(INSTRUCTIONS TO FOLLOW)
All pictures are to be skipped; retype only the lines from the top of the entries through the line with "ins女团靴~水洗牛皮褶皱厚", both included.

(RECORDS SHOWN)
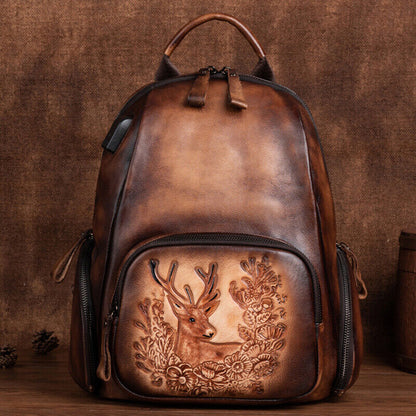 New Designer Women's Backpack, Top Real Leather Retro Travel Backpack School Bag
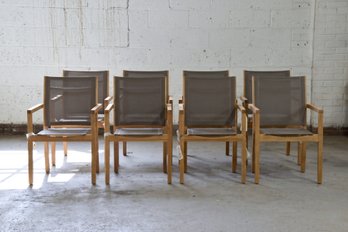 Set Of Manutti Outdoor 'Siena' Teak Dining Arm Chair With Mesh - Set Of 8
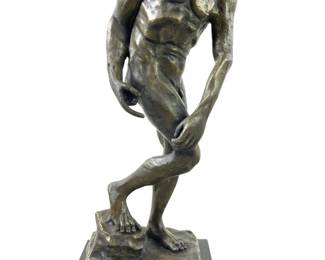 Signed Auguste Rodin Adam Bronze Sculpture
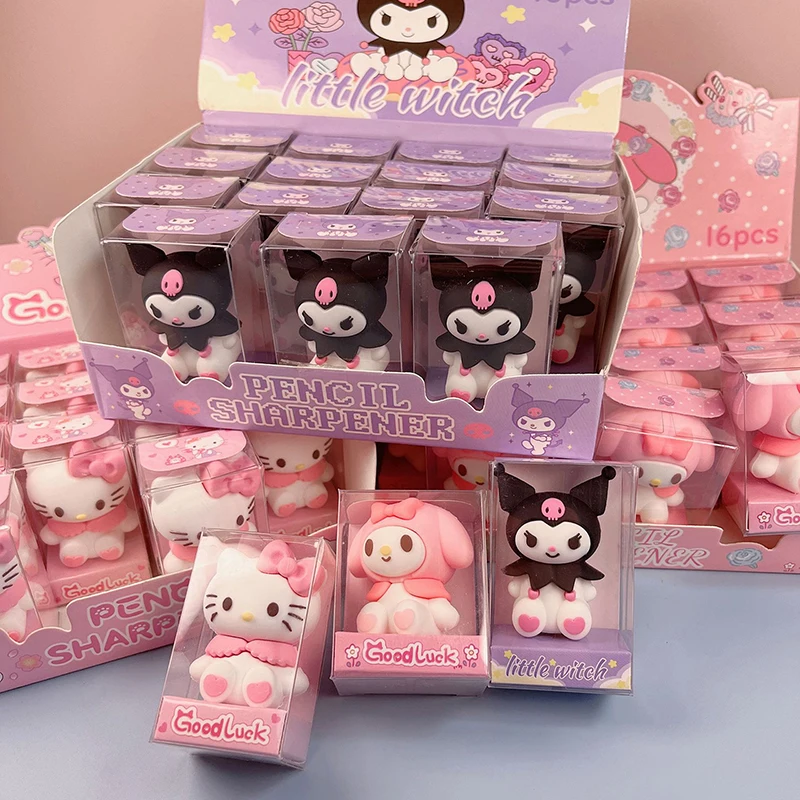 1 Stuks Sanrio Hello Kitty Puntenslijper Gum 2-In-1 Cartoon Prachtige Schattige Meisje Briefpapier Student Schoolbenodigdheden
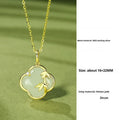 Hetian jade inlaid leaves design bracelet and necklace set in bamboo newspaper tone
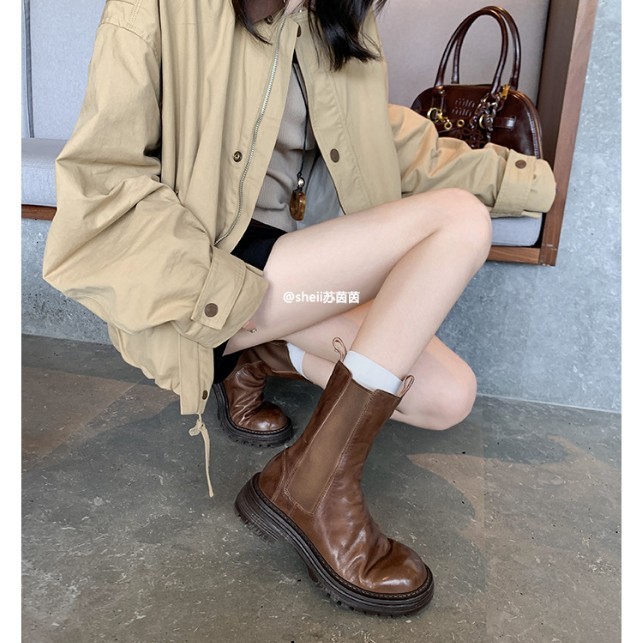 ins女团靴~水洗牛皮褶皱厚底增高切尔西弹力马丁短靴女烟筒靴秋冬|undefined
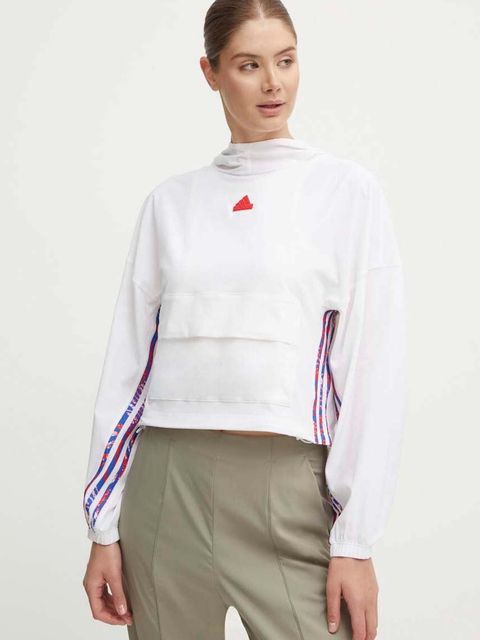 adidas bluza Express damska kolor beżowy z kapturem z aplikacją IW8634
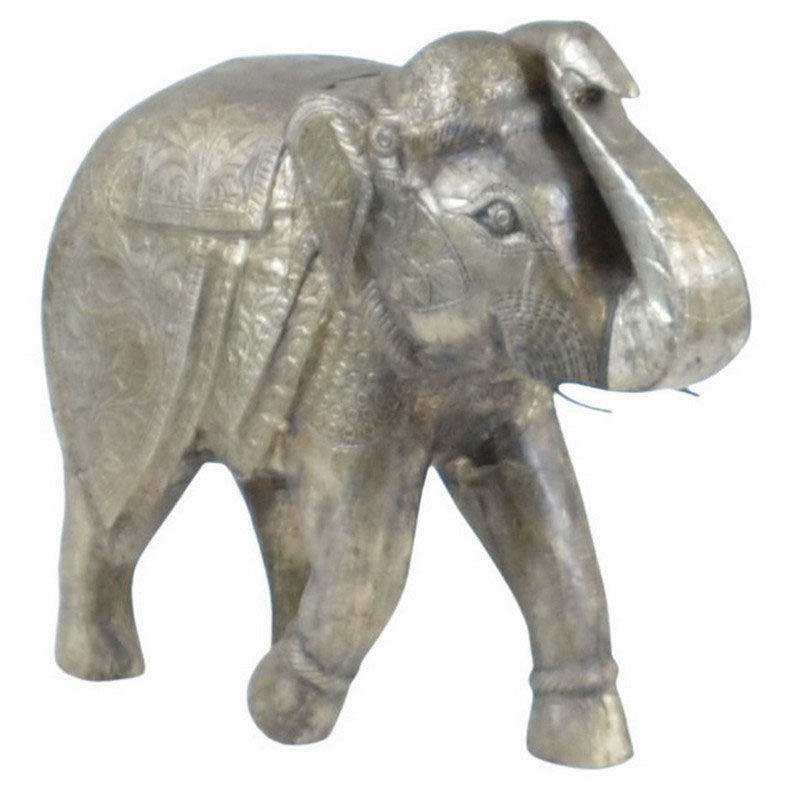 Vintage Indian Wooden Elephant W/ Embossed Metal - Berbere Imports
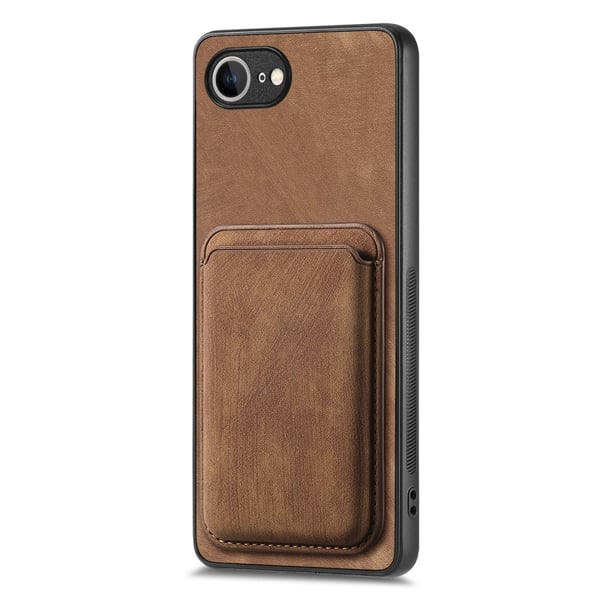 SKALO iPhone 16e PU-læder magnetisk kortholder Cover - Brun
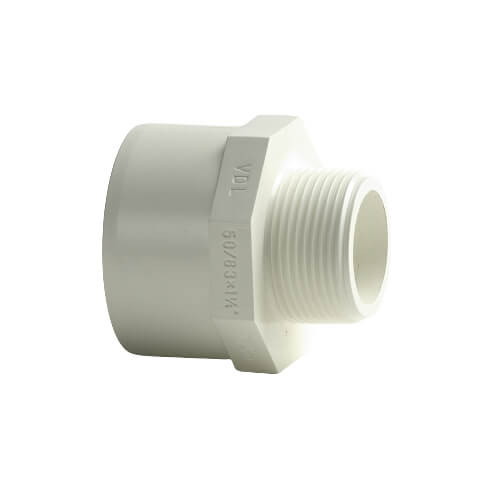 VdL PVCU Draadeind, bu.dr. PN16 PVC Fittingen wit Stadex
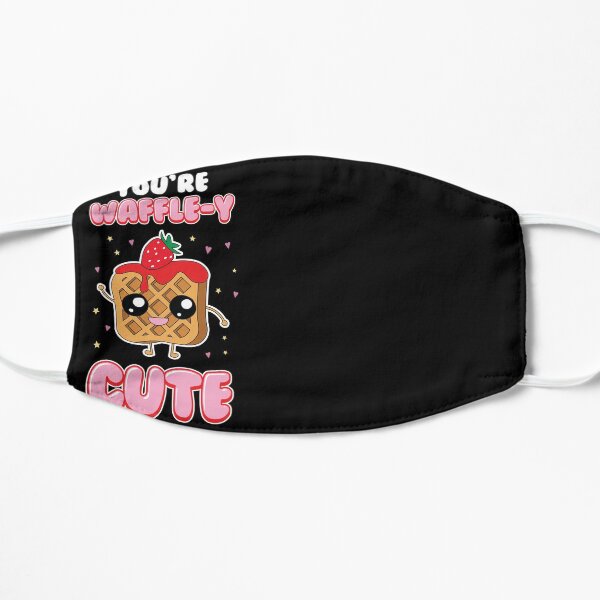 Cute You're Waffle-y Awfully Punny Breakfast Pun Flat Mask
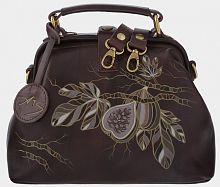 Кожаная сумка-саквояж "Инжир" ручной работы с рисунком и вышивкой на заказ
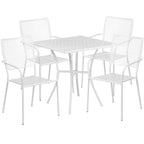 28 Square Indoor-Outdoor Steel Patio Table Set with 4 Square Back Chairs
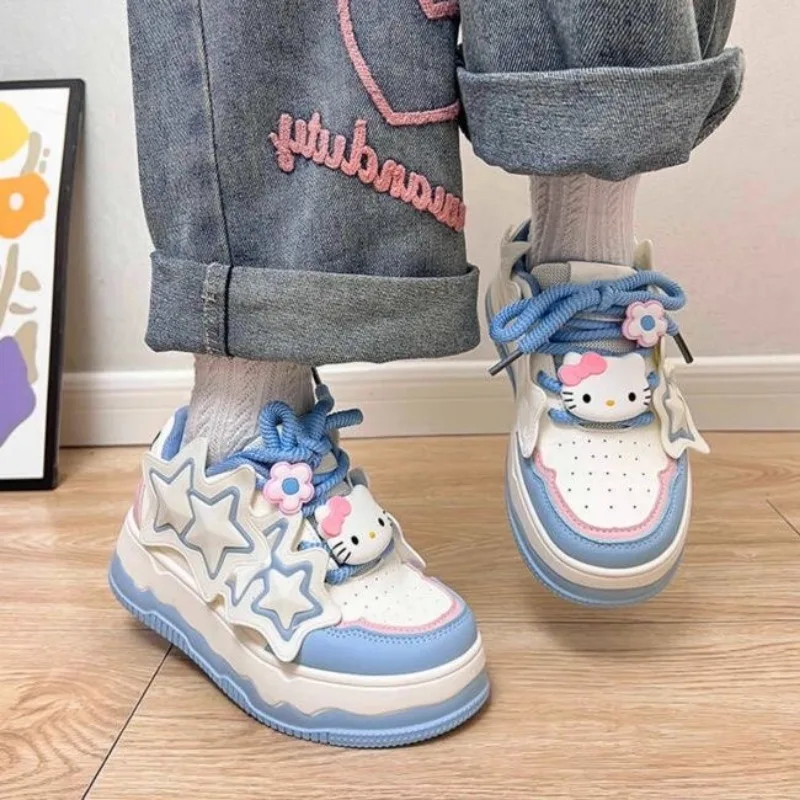 Sanrio Cute Hello Kitty Shoes Cute Soft Girl Platform Sneakers Student Versatile Shoes for Women 2025 New Kawaii Off White Shoes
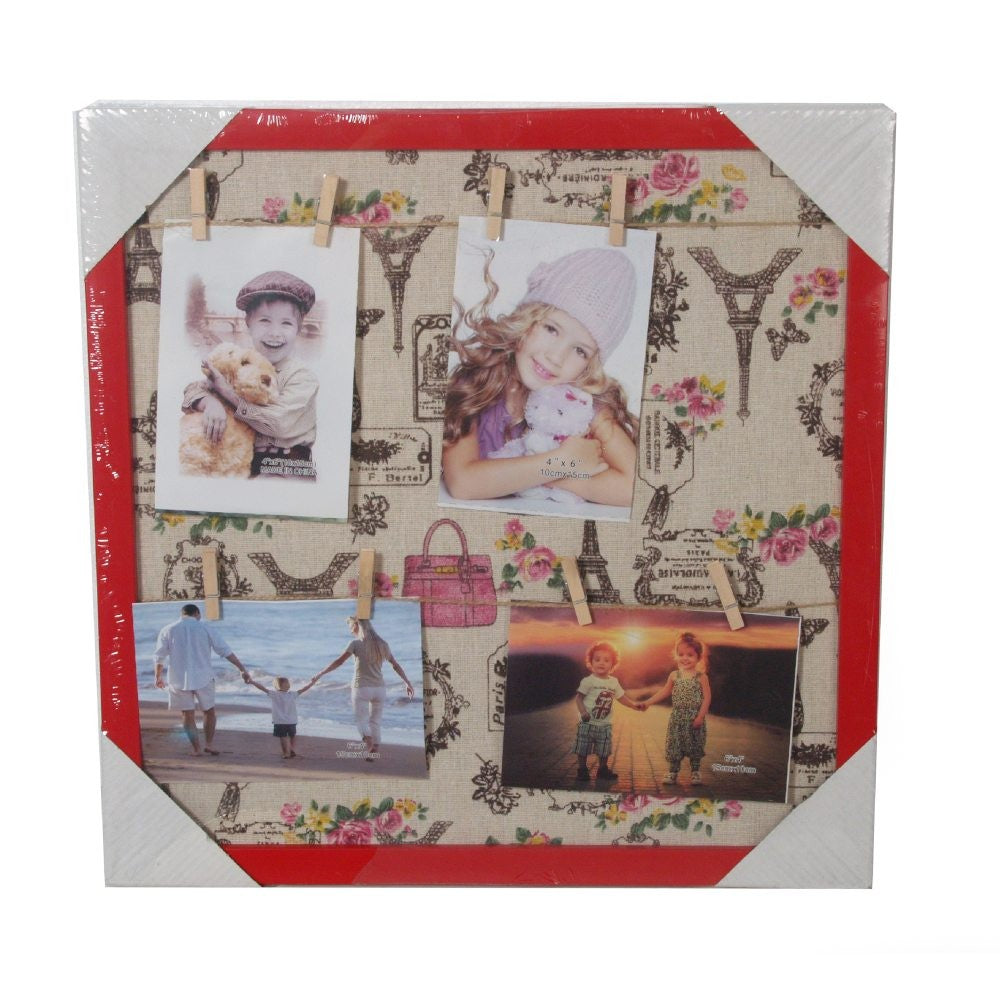 OGO, Large Square Photo Frame for clip hanging Photo Decoration 40x40cm Red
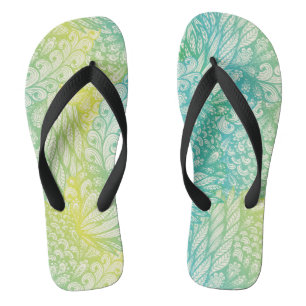 Floral Vintage Yellow And Blue Gradient Flip Flops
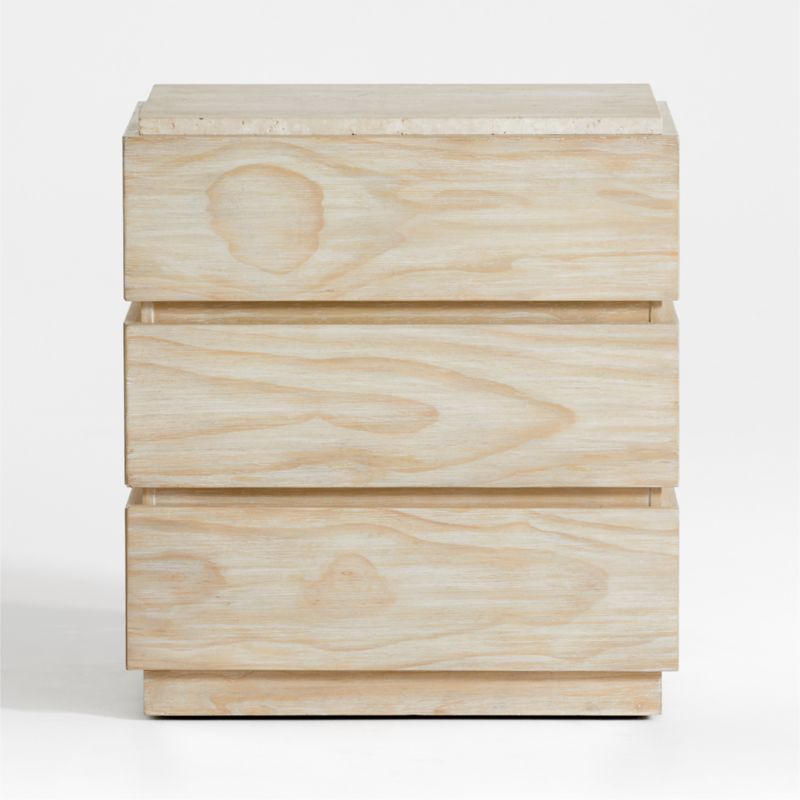 Ensenada Wood and Travertine Nightstand with Drawers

(SOLUTION FOR THIS TASK)
 New Designer Women's Backpack, Top Real Leather Retro Travel Backpack School Bag
 Set Of Manutti Outdoor 'Siena' Teak Dining Arm Chair With Mesh - Set Of 8
 Signed Auguste Rodin Adam Bronze Sculpture
 1 Stuks Sanrio Hello Kitty Puntenslijper Gum 2-In-1 Cartoon Prachtige Schattige Meisje Briefpapier Student Schoolbenodigdheden
 Hetian jade inlaid leaves design bracelet and necklace set in bamboo newspaper tone
 ins女团靴~水洗牛皮褶皱厚底增高切尔西弹力马丁短靴女烟筒靴秋冬|undefined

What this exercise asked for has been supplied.